Here is the blurb and a small excerpt from The Illusion of Desire.

The war with Napoleon may be long over, but Captain Nicholas Ainsley is still feeling the effects in his
maimed left arm and need for justice. In a stroke of luck, he gains employment as an inquiry agent for the famous Second Sons Inquiry Agency, but his first case is a troubling one. The Earl of Taunton is killed and Nicholas soon finds not one but far too many suspects. On the night the earl died, a pair of thieves broke in and stole the jewel-encrusted murder weapon. Some believe the thieves killed Taunton during the robbery, however Nicholas uncovers others with even stronger motives for wanting the earl dead. Taunton had a penchant for provoking jealousy and rage in those around him and hiding his more illicit activities behind a series of illusions including his relationship with his supposed mistress, Kathryn Whitethorn-Litton.
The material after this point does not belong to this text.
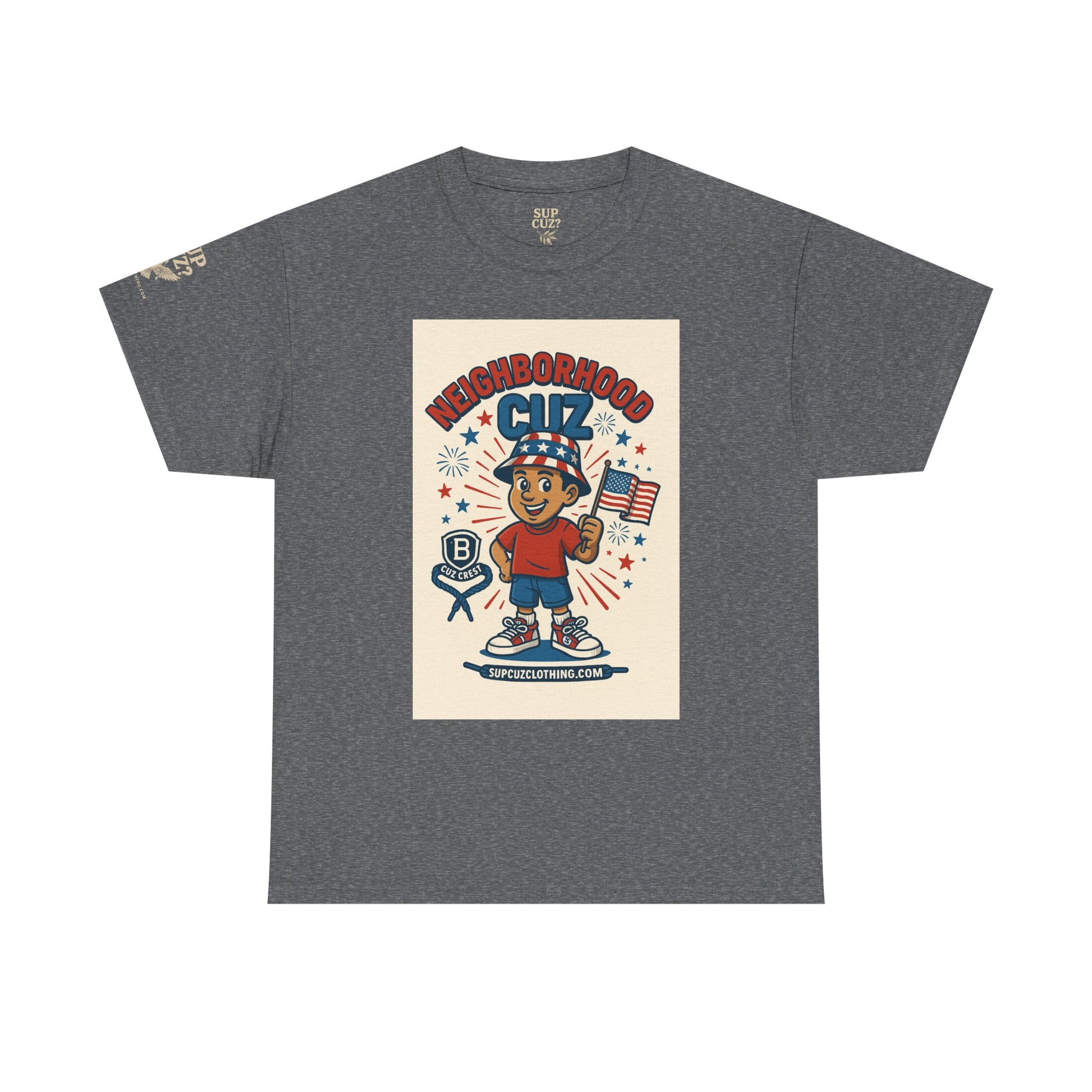 4th of July Launch Tee 4/6 - Unisex Heavy Cotton Tee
Kathryn had excellent reasons to trade respectability for a tenuous place in the earl’s household. She believes her father’s death at Taunton’s country estate years ago was not the natural one the earl claimed.
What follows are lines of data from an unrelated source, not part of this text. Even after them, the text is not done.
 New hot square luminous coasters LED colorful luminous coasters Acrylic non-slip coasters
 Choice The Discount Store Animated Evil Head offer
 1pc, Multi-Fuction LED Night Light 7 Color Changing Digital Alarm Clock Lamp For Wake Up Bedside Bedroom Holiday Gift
Was Taunton’s murder related to that far older mystery, or was his stabbing an act of desperation? The riddle tests Nicholas’ mettle and his willingness to rip away the veils of illusion surrounding the earl’s life to reveal the truth.
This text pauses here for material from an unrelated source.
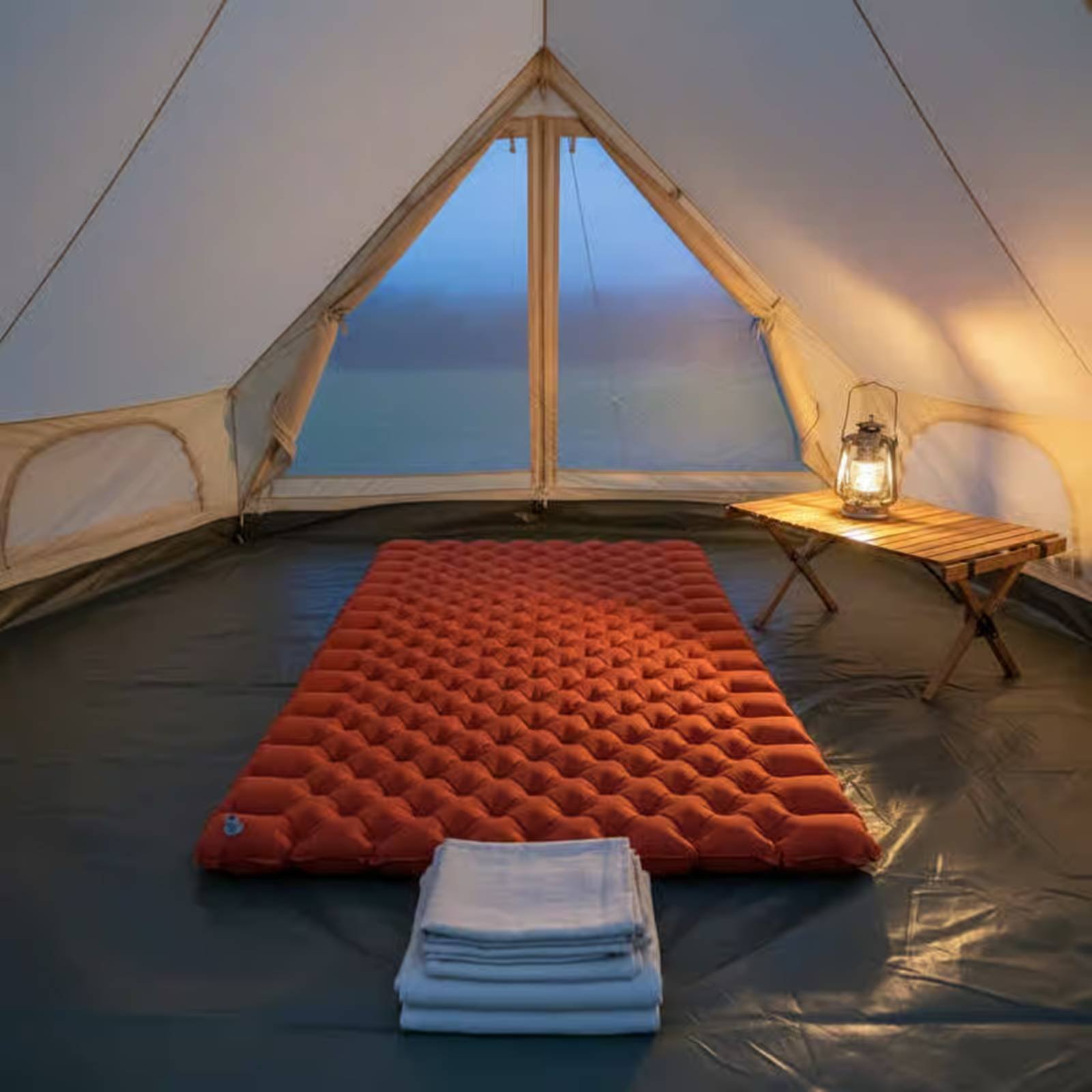 Matras Camping Tiup Nylon TPU  - Outdoor Camping Rugs ulasan dan harga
In this scene, Captain Ainsley is questioning Kathryn Whitethorn-Litton, the murdered man's supposed mistress. While Kathryn was not in the house when the earl was killed, she was on a mission that she dare not reveal to the Captain.
Kathryn laughed. “Why should they? No. They will not, and I will not give you their names. Why are you questioning me?”

“Please, I beg your indulgence. Let me confirm, then, that the last time you claim to have seen Lord Taunton was last night at nine p.m.?” Captain Ainsley asked.

“Yes, of course. Ask Harry if you don’t wish to bother Lord Taunton. He can confirm that I have told you the truth. He and Taunton spend a great deal of time together. If you wish to know who spent the evening with Taunton, you must ask Harry.”

“I have spoken with Mr. Silsbury. He indicated he heard a woman speaking with Lord Taunton late—sometime after midnight, I believe.”

“He could have been requesting water for a bath.” She shrugged. “Did Harry say he heard me?”

“Yes. He indicated it was your voice.”

“How could he? I was not here at midnight.” She sighed and felt the stirrings of impatience. “If you are concerned about this matter, then you must ask Lord Taunton. He can surely tell you what you want to know and identify the woman he spoke to last night. Although I am quite sure he was simply asking a maid for some everyday item like a towel or fresh soap. It is not unheard of, you know.”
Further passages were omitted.